Choose edges in fully connected weighted graph that minimize sum of weights

Question

I was looking at the Advent of Code 2023 day 11 problem and misread it to think that the question ended up asking something akin to what's below (after transforming the positions of the "galaxies"), and I'm wondering what kind of optimization problem this is. See nearly equivalent problem, but with specified values for distance constraint.

Given a set of $N$ points on a lattice where pairwise distance is $D_{ij} = |(\Delta x)_{ij}| + |(\Delta y)_{ij}|$, select the set of distance pairs, that include at least $N-1$ of the points such that the sum of these chosen distances are minimized and that no point is in more than one of the distance pairs. I.e., in graph $G = (V,E)$, find a perfect or near-perfect matching that minimizes the sum of weights in the matching.

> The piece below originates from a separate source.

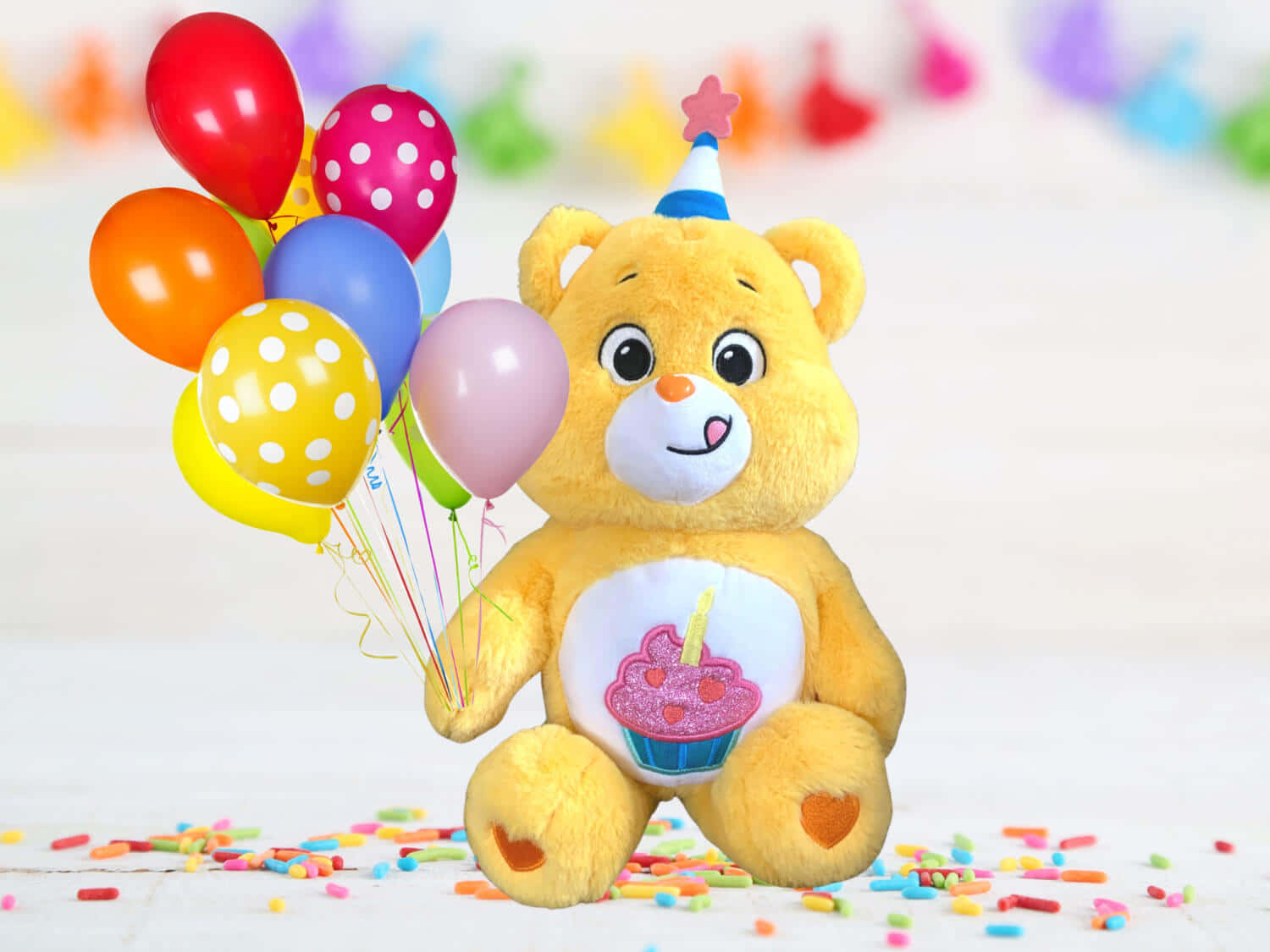 A smiley Care Bear surrounded by friends.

I heard of the vertex cover problem from Numberphile, so I googled for edge cover and got something on wikipedia, but I'm not sure if this is a case of that problem or not.

Answer 1

If you just want any polynomial-time algorithm, you can solve this with a maximum weight matching algorithm.

Draw a graph with a vertex per point, and the weight on an edge $(i,j)$ is $C-D_{ij}$. Here $C$ is a very large constant, chosen to be bigger than $N \cdot \max_{i,j} D_{ij}$. Now find a matching of maximum weight, e.g., with Edmonds' blossom algorithm. I claim this gives you the solution to your original problem.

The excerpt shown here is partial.